2) he is, or at least used to be, an absolute menace to any boys we ever brought home. Prom dates were interrogated. School project partners were forced to sit just so far away that we could barely communicate. He would just happen to be cleaning his gun. Or exercising the dog who could feign rabies. He was, and, no doubt, is, a nightmare.

Lydia turns up behind Jane. "Seriously" she says. "I'm going to turn on Miracle On 34th Street and not wait for any of you losers."

"Dad's taking George and Charlie for a walk," says Jane.

"What, now?" Lydia turns wide eyed to Mom. She thought she had got off lightly. Dad was thrown a massive curve ball in his normal terrorising, what with Lydia eloping, and never really cornered George. Now, however, he appears to be double teaming it, a two for one special with Charlie and George, cut down to size, all at once.

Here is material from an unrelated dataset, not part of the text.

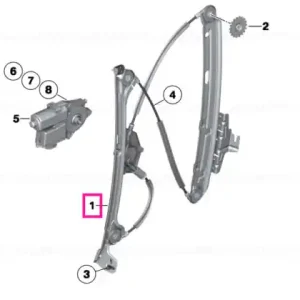 Ridicător geam fără motor spate stânga - BMW Cumpără acum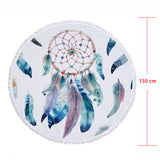 Turtles Sandproof Round Beach Towels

"Come on," says Dad, predictably picks up his shot gun from where none of us had noticed it, behind the door, slings it over his shoulder, then ambles out, the dogs at his heels.

Charlie shoots Jane a look of mild apprehension, George to Lydia one of fear that these last few months are going to catch up with him, and then they follow him out.

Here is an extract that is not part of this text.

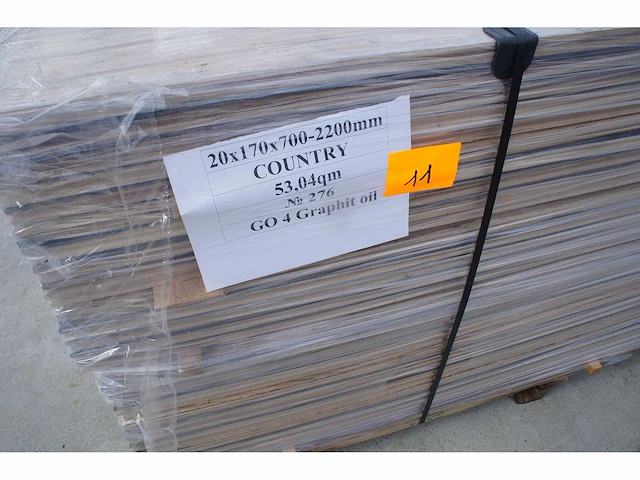 53,04 m² massief eiken parket 20mm graphit oil - afbeelding 3 van  7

"Should we go too?" asks Jane, watching as they shrug on jackets and walk off across the fields, both guys trying, and failing, to vault the fence as easily and quickly as Dad. "Oh, Charlie," Jane mutters, and stands still, watching through the glass in the door, arms wrapped round herself.

"He's not going to shoot them, is he?" asks Lydia, joining Jane at the window. For once, she doesn't sound quite so sure of herself.

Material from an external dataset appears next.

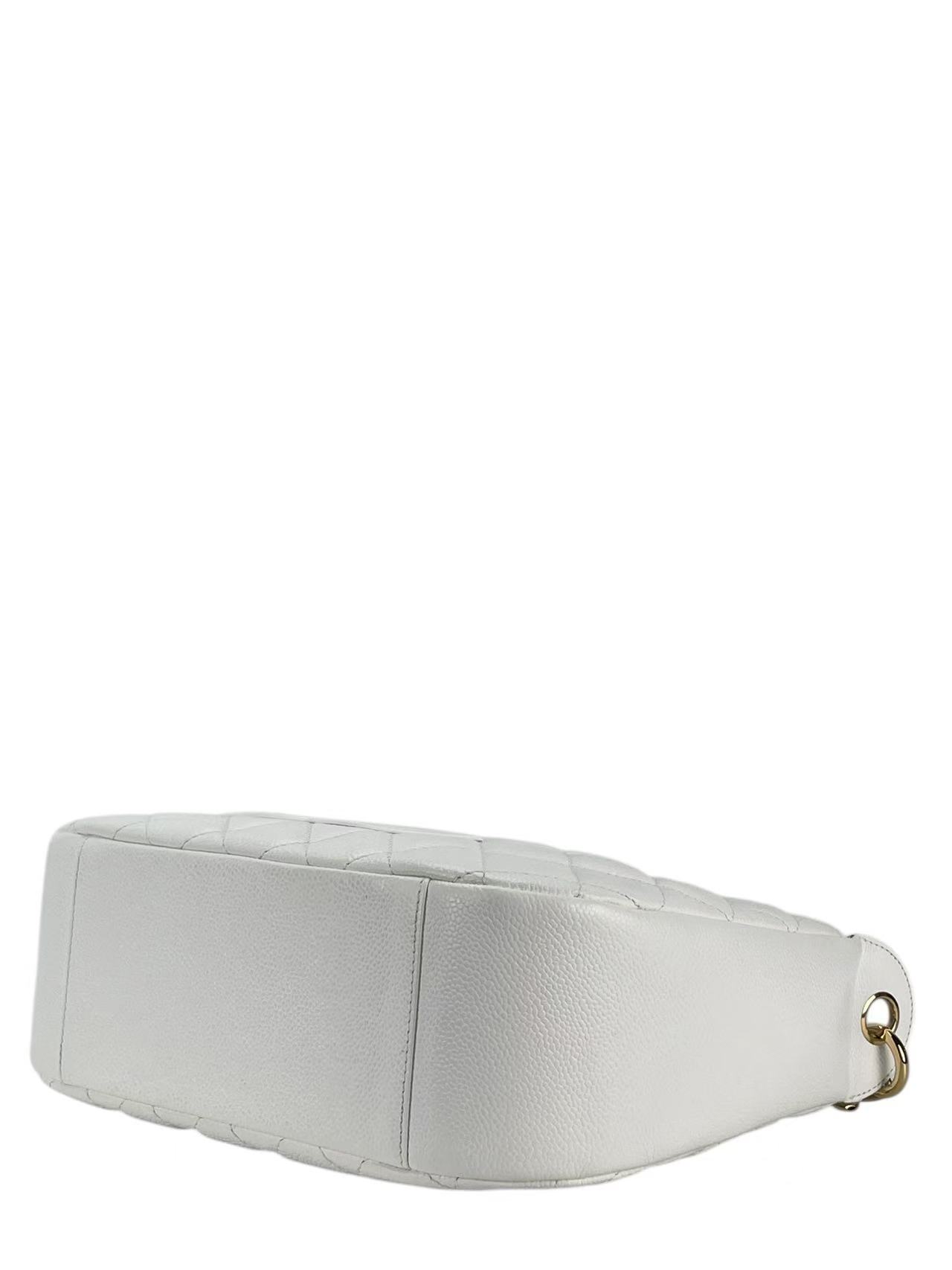 CHANEL - Coco Mark Hobo Shoulder Bag White Caviar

"I reckon it'll involve Dad showing his shooting prowess, balancing an apple on Charlie's head…"

"MARY!"

Jane whips round from her vigil at the window and fixes Mary with an almighty glare.

"Or," says Mary, looking a little scared, "not."

"Come on," says Mom, and leads the way into the front room. We settle around the fire, the opening frames of the film frozen on the screen.

"They'll be all right," I say, fighting a grin that is pulling at my mouth. Jane and Lydia both nod.

"Yeah, of course."

"I didn't really think otherwise."

"Glad you're not freaking out," says Kit, eyebrows raised. Mary snorts, then pretends that she didn't.

"Girls…" says Mom, warningly. "Let's just watch the film." She settles back with her knitting, and Lydia presses play. The room is filled with the festive chords of the opening music, and we too, settle down.

"Now Dylan McDermott," Mom says as his name comes up on screen. "He'd be a good match for any of you. Maybe you Janey, if your Father leaves Charlie dead in the bear cave."

We gape, open mouthed. Who ever knew? My Mom can pull off a joke.